Ramzan or Ramadan, the holy month of fasting in Islam, began from Tuesday in India, Pakistan and Iran. Ramzan is the ninth month of the Islamic calendar when Muslims abstain from food and water from sunrise to sunset. Eid-ul-Fitr marks the end of Ramzan. Muslims in Southeast Asian countries like Indonesia and Malaysia, and much of the Middle East, including Egypt, Iraq and Saudi Arabia, began fasting on Monday for the start of the month of Ramzan.
Muslims follow a lunar calendar, and a moon-sighting methodology can lead to different countries declaring the start of Ramzan a day or two apart.
Traditionally, countries announce if their moon-sighting council spots the Ramzan crescent the evening before fasting begins.

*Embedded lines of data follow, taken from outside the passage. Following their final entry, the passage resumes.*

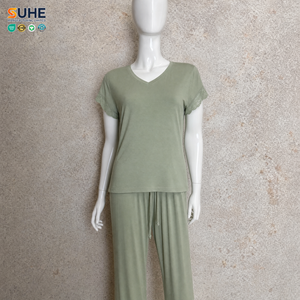 Conjunto de Pijama de Jersey para Mujer SUHE, Cuello en V, Manga Corta, Ribete de Encaje, Cierre con Cordón, Largo Completo, Color Sólido Suave, Primavera/Verano - Product Image 3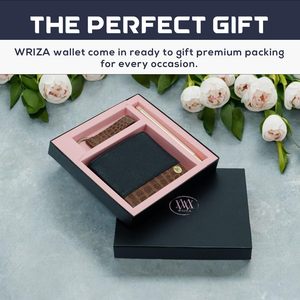 WRIZA Coffret cadeau ouvert en cuir véritable premium avec blocage RFID pour hommes |   Portefeuille, stylo, porte-clés, texture croco, coffret combo |   Anniversaire - Product Image 6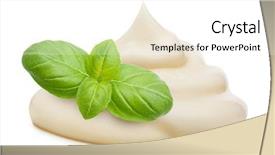  Presentation with ointment cream - PPT theme with cream and basil leaves spice background and a white colored foreground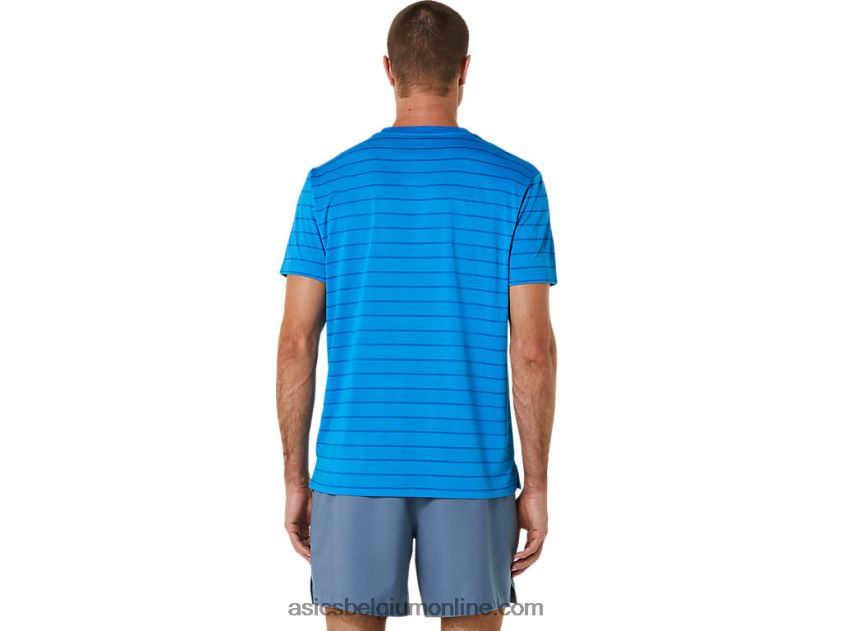 herentop met strepen en korte mouwen V6HXR2411 directoire blauw Asics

Across the world, Muslims fast each day for the entire month of Ramzan, abstaining from food and drink from dawn to dusk. That means around 15 hours without food, water, cigarettes or caffeine.
Fasting is aimed at drawing worshippers closer to God through self-control, remembrance and humility.
The challenge of fasting for many is also a chance to reset spiritually and physically, kick bad habits and purify the heart.
During the day, Muslims must also abstain from sex, gossip and cursing, and are encouraged to focus on meditative acts like prayer, reading the Quran and charity.
It's common practice across many Muslim-majority nations for liquor stores and hotels to curb the sale of alcohol during Ramzan. Often, restaurants shutter their doors during the day.
Those exempt from fasting include children, the elderly, the sick, women who are pregnant, nursing or menstruating, and people travelling.
The Ramzan fast begins with a pre-dawn meal called "suhoor" to prepare hungry stomachs for the long day ahead. A typical suhoor often includes bread, vegetables, fruits, yogurt, tea, as well as lentils and beans. At sunset, when it's time to mark the end of the daylong fast, families and friends gather for an evening meal known as "iftar."
Ramzan or Ramadan? The difference
According to Scroll.in, historically, most Muslims on the subcontinent have called this month by its Persian name, “Ramzan”, especially if they speak Urdu and Hindi. Languages such as Bengali, which don’t have a "z", use a variant of that word: “Romjan”. In the past decade or so, however, a great many subcontinental Muslims have rejected these traditional names and taken to using what they believe is the Arabic word for it: Ramadan.
“People have suddenly begun to call it ‘Ramadan’, since that is the pronunciation of the word in the Quran,” said Delhi-based writer Rana Safvi. “But as a child, growing up in Lucknow, it was always called ‘Ramzan’. This is a completely new thing.”
The word Ramadan comes from the Arabic root ramiḍa or ar-ramaḍ, which means scorching heat or dryness. Fasting is fard (obligatory) for adult Muslims, except those who are suffering from an illness, travelling, are elderly, pregnant, breastfeeding, diabetic, chronically ill or menstruating.
The name of this month in Arabic can be transliterated into Roman characters as "Ramadan" – the "d" there being a rather arcane and ancient Arabic sound that really has no equivalent in any Indian language or English and is terribly difficult to enunciate. For non-Arabs, the "d" is usually approximated to the soft "d" of "dal-chawal" or (by English speakers) with a hard "d" (as in "dad").
Muslims typically break their fast as the Prophet Muhammad did some 1,400 years ago, by eating sweet dates and drinking water, followed by a sunset prayer. Then, the iftar meals are enjoyed.
These are often lavish affairs of home-cooked platters of rice, stews and meat, as well as spreads of desserts and other sweets.
While Muslims around the world welcomed the start of Raman with traditional greetings and messages of peace, the start of the Muslim holy month in the Gaza Strip was marked by sounds of outgoing Palestinian rockets and incoming Israeli airstrikes.
Families often shop for food items in the days before Ramzan, but most shops and markets in Gaza were closed due to the heavy round of cross-border fighting.
"We got used to this situation, we don't care anymore," said Rushdi Anbar, a 42-year-old architect, as he hurried through one of the few markets still open.
In 2014, the latest of three deadly wars between Israel and Gaza's Hamas rulers began in the second week of Ramzan and lasted for 50 days. Anwar Zeydieh, a mother of three, said she fears a similar scenario this Ramzan. "I don't think we are ready to endure all this suffering again.